The Archdiocese of New York explains that “a determination by the Review Board that an allegation is credible and substantiated, however, is not equivalent to a finding by a judge or jury that a cleric is liable or guilty for sexual abuse of a minor.”
While these definitions might nod to the DDF’s explanation of the limits on an initial assessment and preliminary investigation’s conclusions, they aren’t what most people would understand the words “credible” and “substantiated” to mean when used publicly to describe an accusation against a priest.
Apart from creating a premature impression of guilt which can prejudice the full canonical process, the assumptions created by the terms can make it difficult to return a priest to ministry in the event that he is exonerated, with members of the local faithful left confused about how a priest with a “substantiated” accusation could be pronounced innocent — exactly the kind of prejudicial impression the DDF has warned against.
The same situation can create problems for victims, too. Telling a person that they have been found credible and their accusations substantiated raises expectations. As the canonical process opens, and an accused priest is allowed to mount a legal defense, a victim can sometimes feel like the Church authorities are suddenly second guessing the “credibility” of their account.
And things can get even more complicated if it becomes apparent that a priest has acted inappropriately, but is not actually guilty of the canonical crime of sexual abuse.
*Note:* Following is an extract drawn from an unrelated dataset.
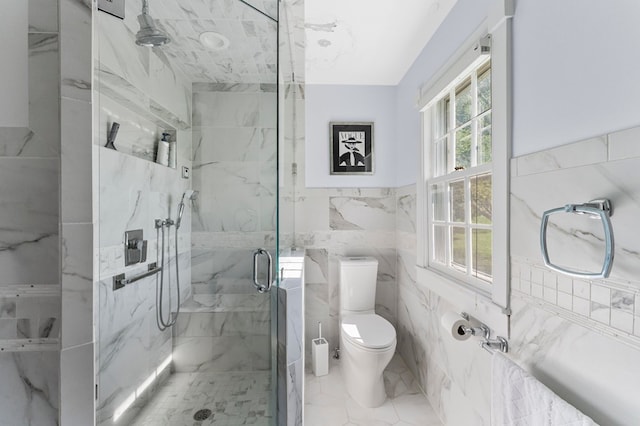 bathroom with an enclosed shower, toilet, and tile walls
In its vademecum, the DDF notes that “in cases of improper and imprudent conduct, even in the absence of a delict involving minors,” local bishops still have the authority to make “other administrative provisions with regard to the person accused,” including restrictions on ministry and other forms of canonical discipline.
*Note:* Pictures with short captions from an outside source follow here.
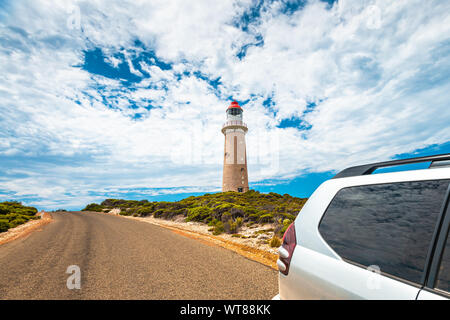 Cape Du Couedic lighthouse under beautiful sky by the road with Stock Photo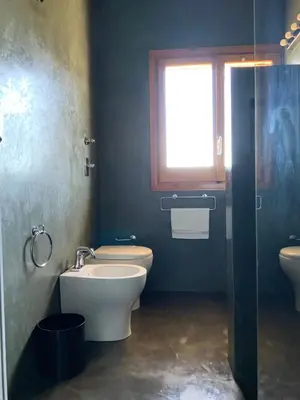 a bathroom with a toilet and a sink and a window at Villa Il Cappero in San Vito lo Capo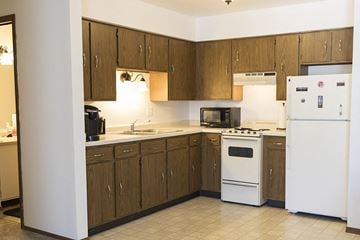 Cedarburg apartment for rent - a kitchen with white appliances and wooden cabinets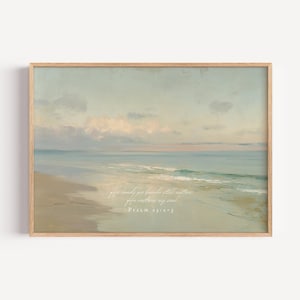 Könnte beinhalten: Ein gerahmter Druck mit einer ruhigen Strandszene in sanften Blau-, Grün- und Beigetönen. Das Kunstwerk zeigt ein ruhiges Meer, das auf einen sandigen Strand unter einem bewölkten Himmel trifft. Der Text lautet: „Er führt mich zu stillen Wassern; Er erquickt meine Seele. Psalm 23:2-3."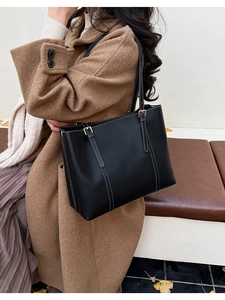Detail of black leather tote bag with white stitching worn by a model in autumn coat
But these remedies often fall short of what a “credible” victim of sexual abuse is expecting — leaving them at times confused and frustrated with the process, and wondering how the Church can have failed to laicize a priest after already pronouncing the charges against him “substantiated.”
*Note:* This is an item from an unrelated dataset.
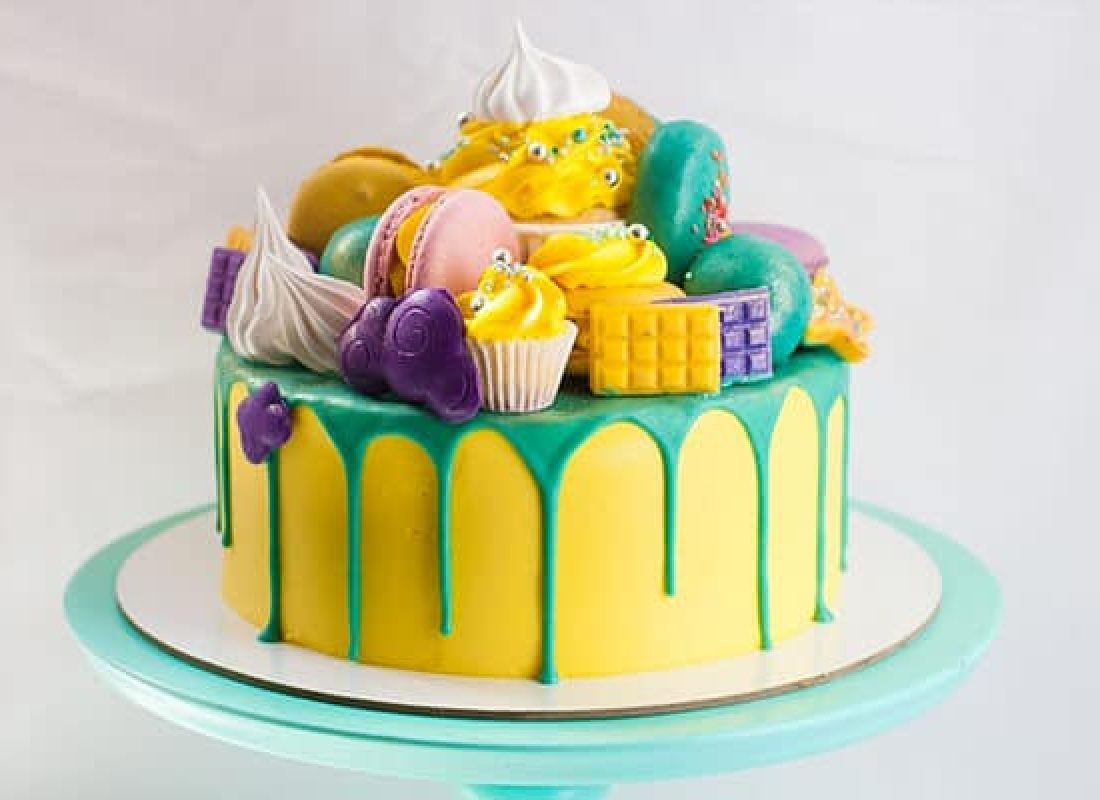 Pastry chef decorating a three-tiered custom cake for a wedding in The Woodlands, TX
Just changing the way American review boards talk publicly about their initial assessment of allegations would seem like an easy way to help fix real questions of justice and due process for accused clergy, in line with Rome’s repeated legal advice. It could also help manage expectations for victims during the earliest stages of the process, without treating them with any less respect or giving them any less support.
But such a change seems unlikely, despite the problems and despite the gap between the DDF’s policies and American diocesan practice. Why?
Part of the problem may just be appearances.
After the Essential Norms were adopted in 2002, review boards developed a language and role for themselves broadly in line with what the bishops wanted: strong external inputs into the system for evaluating abuse allegations.
Phrases like “not manifestly false” and having “a semblance of truth” may better recognize that an allegation is still fundamentally unproven, and account for the absence of basic procedural safeguards and the right of defense during the preliminary investigation. But they also fail to convey the kind of decisiveness and resolve which both review boards and U.S. bishops seem to want to project — even when it might be too soon in a case to do so.
Even though real concerns — legal and pastoral — with the language of “credible and substantiated” have emerged, it’s proved hard to reform the reforms of the Dallas Charter era at least partly because any change, even in the language, could be interpreted as a walking back of the bishops’ reforming commitments.
The result is a system which both the U.S. bishops and Rome seem to understand is uneven and prone to creating false expectations. But neither seems inclined to act to fix it. Until they do, the DDF’s guidelines will continue to point to the still-incomplete work of reform.